* **Directions for this task**: Transcribe only the lines between the first line of the records and the line containing "referendum manifesti", inclusive, exactly as written.

* **Data to use**:
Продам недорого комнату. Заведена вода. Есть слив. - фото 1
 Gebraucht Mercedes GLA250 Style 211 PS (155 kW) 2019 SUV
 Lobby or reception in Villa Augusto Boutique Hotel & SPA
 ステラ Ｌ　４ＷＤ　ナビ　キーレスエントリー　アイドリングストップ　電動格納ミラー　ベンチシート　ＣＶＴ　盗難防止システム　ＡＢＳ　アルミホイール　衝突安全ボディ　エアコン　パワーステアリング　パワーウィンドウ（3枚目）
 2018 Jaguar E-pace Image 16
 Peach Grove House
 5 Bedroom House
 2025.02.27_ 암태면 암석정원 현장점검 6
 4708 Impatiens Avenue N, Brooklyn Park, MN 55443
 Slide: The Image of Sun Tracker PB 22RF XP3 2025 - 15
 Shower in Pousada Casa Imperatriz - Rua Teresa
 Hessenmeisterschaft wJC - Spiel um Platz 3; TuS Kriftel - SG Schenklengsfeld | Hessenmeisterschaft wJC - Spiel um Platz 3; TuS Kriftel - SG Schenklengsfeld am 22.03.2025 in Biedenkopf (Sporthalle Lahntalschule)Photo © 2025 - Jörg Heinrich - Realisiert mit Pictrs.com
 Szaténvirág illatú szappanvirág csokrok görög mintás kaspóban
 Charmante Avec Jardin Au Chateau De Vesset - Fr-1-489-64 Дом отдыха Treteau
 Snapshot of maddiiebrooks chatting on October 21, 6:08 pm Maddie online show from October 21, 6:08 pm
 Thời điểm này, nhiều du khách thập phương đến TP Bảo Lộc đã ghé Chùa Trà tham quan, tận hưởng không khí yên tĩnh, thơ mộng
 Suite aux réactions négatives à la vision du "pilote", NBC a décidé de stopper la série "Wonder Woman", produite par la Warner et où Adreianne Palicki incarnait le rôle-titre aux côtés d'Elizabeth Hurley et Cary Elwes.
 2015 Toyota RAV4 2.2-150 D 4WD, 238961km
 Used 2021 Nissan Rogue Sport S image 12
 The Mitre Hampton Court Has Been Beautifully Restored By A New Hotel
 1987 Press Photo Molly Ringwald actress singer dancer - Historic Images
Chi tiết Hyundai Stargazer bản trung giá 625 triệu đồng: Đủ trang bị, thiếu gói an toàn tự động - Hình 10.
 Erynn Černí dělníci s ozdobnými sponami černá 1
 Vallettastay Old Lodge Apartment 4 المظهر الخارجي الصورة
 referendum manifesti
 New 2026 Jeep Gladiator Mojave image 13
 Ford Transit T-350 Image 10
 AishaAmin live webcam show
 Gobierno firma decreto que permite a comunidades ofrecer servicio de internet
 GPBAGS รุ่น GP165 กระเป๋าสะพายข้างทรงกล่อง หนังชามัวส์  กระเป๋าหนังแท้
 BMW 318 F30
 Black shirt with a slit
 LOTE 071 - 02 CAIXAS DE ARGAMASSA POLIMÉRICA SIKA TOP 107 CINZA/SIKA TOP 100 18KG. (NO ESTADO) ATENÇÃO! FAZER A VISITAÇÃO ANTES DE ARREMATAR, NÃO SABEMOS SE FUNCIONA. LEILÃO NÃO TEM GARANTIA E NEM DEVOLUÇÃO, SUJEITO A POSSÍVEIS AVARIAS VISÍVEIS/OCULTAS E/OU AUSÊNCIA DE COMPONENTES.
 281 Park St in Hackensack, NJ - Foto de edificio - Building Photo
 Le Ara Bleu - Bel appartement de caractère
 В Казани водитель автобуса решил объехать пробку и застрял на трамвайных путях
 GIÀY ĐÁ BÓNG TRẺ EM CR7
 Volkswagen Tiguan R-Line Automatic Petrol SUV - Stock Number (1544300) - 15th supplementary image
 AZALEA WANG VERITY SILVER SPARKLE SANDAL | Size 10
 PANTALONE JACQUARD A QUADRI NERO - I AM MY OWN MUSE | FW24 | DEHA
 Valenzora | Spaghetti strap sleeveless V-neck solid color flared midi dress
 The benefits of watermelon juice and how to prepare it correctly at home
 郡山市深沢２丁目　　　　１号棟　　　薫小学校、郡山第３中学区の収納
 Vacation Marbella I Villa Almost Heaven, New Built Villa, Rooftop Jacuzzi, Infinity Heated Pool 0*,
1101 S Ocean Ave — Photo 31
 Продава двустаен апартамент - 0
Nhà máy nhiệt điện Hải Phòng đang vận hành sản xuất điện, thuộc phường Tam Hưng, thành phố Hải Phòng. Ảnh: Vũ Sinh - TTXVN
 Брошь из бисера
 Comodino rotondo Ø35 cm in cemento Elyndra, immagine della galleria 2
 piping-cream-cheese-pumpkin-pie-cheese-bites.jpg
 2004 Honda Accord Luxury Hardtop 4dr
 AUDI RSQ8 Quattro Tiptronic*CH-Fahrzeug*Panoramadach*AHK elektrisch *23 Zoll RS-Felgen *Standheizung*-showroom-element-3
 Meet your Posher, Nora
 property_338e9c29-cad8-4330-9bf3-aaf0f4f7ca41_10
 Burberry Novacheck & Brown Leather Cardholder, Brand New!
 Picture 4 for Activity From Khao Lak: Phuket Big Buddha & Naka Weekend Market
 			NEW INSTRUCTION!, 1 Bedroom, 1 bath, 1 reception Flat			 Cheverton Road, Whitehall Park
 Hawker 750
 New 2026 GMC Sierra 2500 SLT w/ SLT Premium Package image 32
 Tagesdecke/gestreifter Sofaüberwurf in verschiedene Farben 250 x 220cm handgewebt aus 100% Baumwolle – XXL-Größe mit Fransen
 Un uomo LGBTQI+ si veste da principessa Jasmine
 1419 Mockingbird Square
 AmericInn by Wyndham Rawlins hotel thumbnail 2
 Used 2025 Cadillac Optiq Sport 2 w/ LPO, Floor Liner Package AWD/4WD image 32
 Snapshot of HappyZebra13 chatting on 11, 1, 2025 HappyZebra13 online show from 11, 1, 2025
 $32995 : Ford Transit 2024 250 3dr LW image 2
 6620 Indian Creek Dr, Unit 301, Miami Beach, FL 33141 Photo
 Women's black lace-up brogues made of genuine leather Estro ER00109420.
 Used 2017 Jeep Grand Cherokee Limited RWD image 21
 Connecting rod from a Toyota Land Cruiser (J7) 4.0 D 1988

* **Solution to this exercise**:
Продам недорого комнату. Заведена вода. Есть слив. - фото 1
 Gebraucht Mercedes GLA250 Style 211 PS (155 kW) 2019 SUV
 Lobby or reception in Villa Augusto Boutique Hotel & SPA
 ステラ Ｌ　４ＷＤ　ナビ　キーレスエントリー　アイドリングストップ　電動格納ミラー　ベンチシート　ＣＶＴ　盗難防止システム　ＡＢＳ　アルミホイール　衝突安全ボディ　エアコン　パワーステアリング　パワーウィンドウ（3枚目）
 2018 Jaguar E-pace Image 16
 Peach Grove House
 5 Bedroom House
 2025.02.27_ 암태면 암석정원 현장점검 6
 4708 Impatiens Avenue N, Brooklyn Park, MN 55443
 Slide: The Image of Sun Tracker PB 22RF XP3 2025 - 15
 Shower in Pousada Casa Imperatriz - Rua Teresa
 Hessenmeisterschaft wJC - Spiel um Platz 3; TuS Kriftel - SG Schenklengsfeld | Hessenmeisterschaft wJC - Spiel um Platz 3; TuS Kriftel - SG Schenklengsfeld am 22.03.2025 in Biedenkopf (Sporthalle Lahntalschule)Photo © 2025 - Jörg Heinrich - Realisiert mit Pictrs.com
 Szaténvirág illatú szappanvirág csokrok görög mintás kaspóban
 Charmante Avec Jardin Au Chateau De Vesset - Fr-1-489-64 Дом отдыха Treteau
 Snapshot of maddiiebrooks chatting on October 21, 6:08 pm Maddie online show from October 21, 6:08 pm
 Thời điểm này, nhiều du khách thập phương đến TP Bảo Lộc đã ghé Chùa Trà tham quan, tận hưởng không khí yên tĩnh, thơ mộng
 Suite aux réactions négatives à la vision du "pilote", NBC a décidé de stopper la série "Wonder Woman", produite par la Warner et où Adreianne Palicki incarnait le rôle-titre aux côtés d'Elizabeth Hurley et Cary Elwes.
 2015 Toyota RAV4 2.2-150 D 4WD, 238961km
 Used 2021 Nissan Rogue Sport S image 12
 The Mitre Hampton Court Has Been Beautifully Restored By A New Hotel
 1987 Press Photo Molly Ringwald actress singer dancer - Historic Images
Chi tiết Hyundai Stargazer bản trung giá 625 triệu đồng: Đủ trang bị, thiếu gói an toàn tự động - Hình 10.
 Erynn Černí dělníci s ozdobnými sponami černá 1
 Vallettastay Old Lodge Apartment 4 المظهر الخارجي الصورة
 referendum manifesti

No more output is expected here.